MadSci Network: Computer Science
Query:

Re: Can I tell my computer to do different tasks?

Date: Tue Dec 21 16:31:40 1999
Posted By: Simon Krischer , Staff, Software Development , Information Builders
Area of science: Computer Science
ID: 943546067.Cs
Message:

I believe you are asking about Speech Recognition programs (multi-tasking, 
which is how the question reads, is a whole different answer).  Today, 
there are a number of such programs available for the PC.  The major ones 
include Dragon System's and L&H Voice Express.  IBM has one, etc.

They all work the same way.  All [spoken] languages consist of "phonemes" 
(you might consider them "letters") which, when put together, form spoken 
words.  In English there are 42-44 (depending on what book you read) of 
them.  (Other languages have more or less of them).  The speech recognition 
program examines the input (from a microphone, usually), and acts like a 
spelling checker, looking up words in a "dictionary".  Like all spelling 
checkers, if it does not find a "word" it asks if that word should be added 
to the dictionary (this is the "learning" step in your program).  If it 
does find the word, it "builds" a command line based on "replacement 
values" for the "words" you supplied in the input.  When you are done, it 
passes them on to the command processor, as if you had typed them.

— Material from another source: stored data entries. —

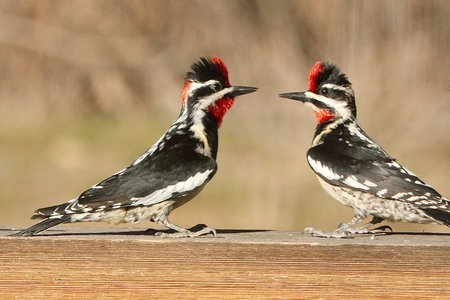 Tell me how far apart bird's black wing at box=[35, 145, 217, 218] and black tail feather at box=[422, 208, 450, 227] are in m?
1.20

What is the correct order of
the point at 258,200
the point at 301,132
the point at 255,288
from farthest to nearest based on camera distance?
the point at 301,132, the point at 258,200, the point at 255,288

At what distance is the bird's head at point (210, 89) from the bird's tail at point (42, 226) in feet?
3.83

The task gets a little bit more complicated with the various Chinese 
dialects, because they also add in the concept of "tone".

The interesting work is not so much in the Phenome breakdown, and 
dictionary lookup, but rather in the filtering needed to "smooth out" the 
words so that different people may have their speech recgnized too, and at 
different speeds.  Also, just as Grammer Checkers are becoming better today 
(with checking syntax), Speech Recognition programs may improve by checking 
the synatax (and even the symantics!) of the spoken phrase.

Personally, I'd rather type, but then again, I keep away from GUI's too!